Voilà peut-être la première fois que je me heurte, chez Herzog, à un contraste aussi fort entre le contenu, passionnant, et la forme, qui me laisse plus circonspect. Clairement, le film n'est pas assez bizarre, ésotérique, hallucinatoire, abstrait, comme pouvait l'être par exemple "Fata Morgana", pour l'appréhender comme une expérience sensorielle. Il m'a manqué ici une passerelle entre le propos qui progressivement s'éclaircit (à la fois à l'échelle du film et à mesure qu'on parcourt l'œuvre de Herzog) et ses modalités d'expression. Une petite clé faisant défaut, une quantité presque dérisoire pour propulser cette (vision de l')histoire de Kaspar Hauser vers d'autres horizons.

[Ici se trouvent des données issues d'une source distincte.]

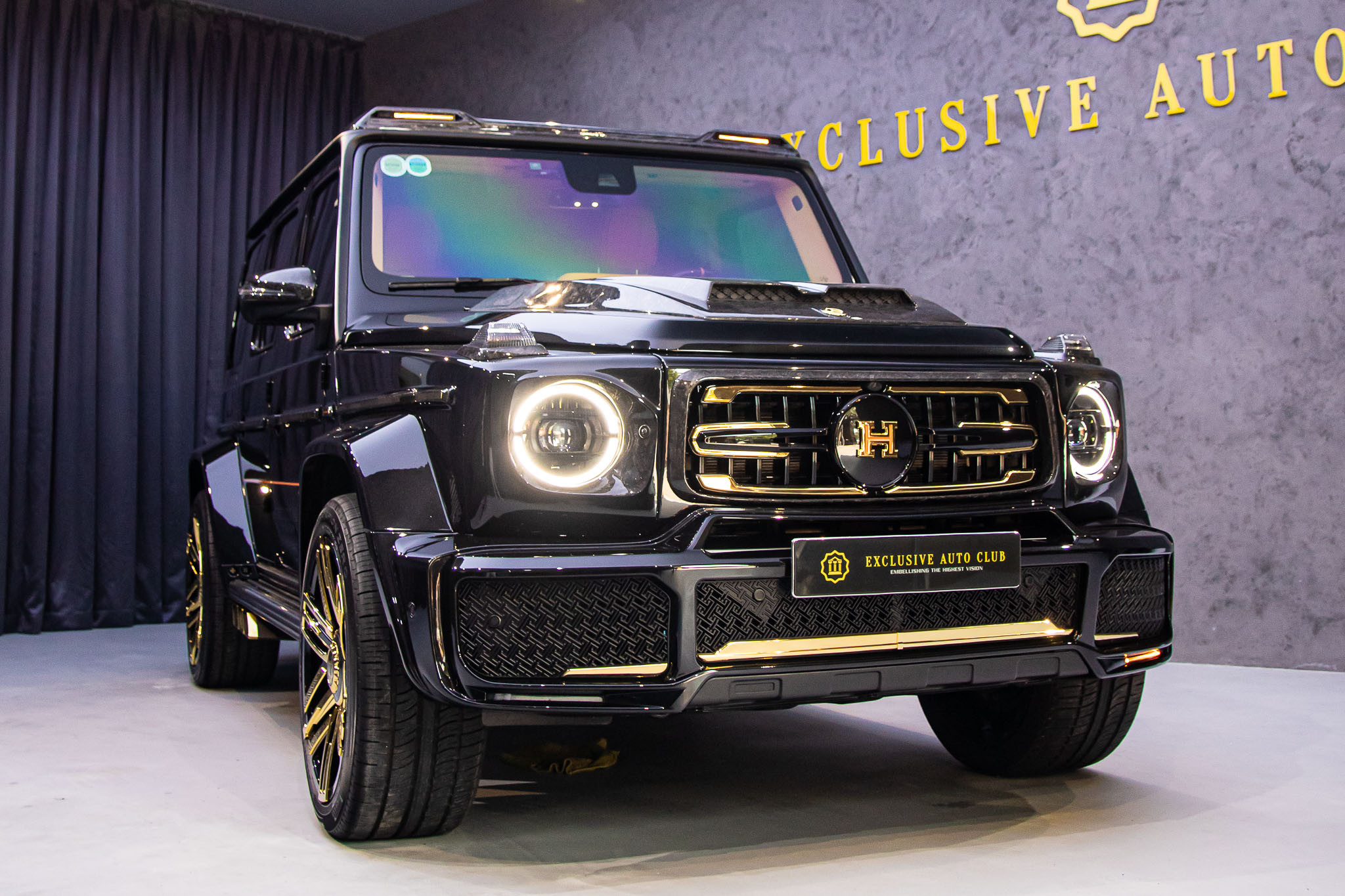 Đại gia chi 3 tỷ mạ vàng chiếc Mercedes-AMG G 63 độc bản đón năm mới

Comme le précise Hervé Aubron en introduction du film (chez Potemkine), l'histoire d'un enfant sauvage avait déjà été abordée 4 ans avant par François Truffaut, mais dans des considérations radicalement différentes. Ce qui intéresse Herzog, ce ne sont pas les influences passées du "sauvage" (il n'en avait pour ainsi dire presque pas, son univers se résumant à une cave, de la paille, un jouet, et de la nourriture régulièrement et anonymement amenée) ni comment son humanité va réapparaître au contact de ses semblables. On est beaucoup plus proche ici de l'allégorie de la caverne énoncée par Platon, comme l'un des rêves (la révélation d'un mirage dans le désert du Sahara) de Kaspar Hauser semble l'indiquer. Il y a d'un côté le sensible, et de l'autre l'intelligible, avec entre les deux un monde en proie aux illusions (et illusionnistes), aux manipulations (et manipulateurs), et au mensonges (et menteurs).


Premier film de Herzog où l'action se situe en Allemagne, au XIXe siècle, il y a fort à parier que le regard naïf (au sens neutre du terme, libéré des préjugés et des grilles de lecture) de Werner Hauser questionne également la société moderne dans laquelle, finalement, les rapports de domination et de pouvoir (politiques, mais aussi religieux et intellectuels, avec la parole du "savant" et l'autorité du "responsable") ne sont pas si différents. Et c'est dans une logique d'illustration de ce propos que Herzog a pris ses distances avec la réalité historique du personnage de Kaspar Hauser. Ce serait une erreur, à mon sens, de juger ce film à l'aune d'une quelconque représentativité à cet égard.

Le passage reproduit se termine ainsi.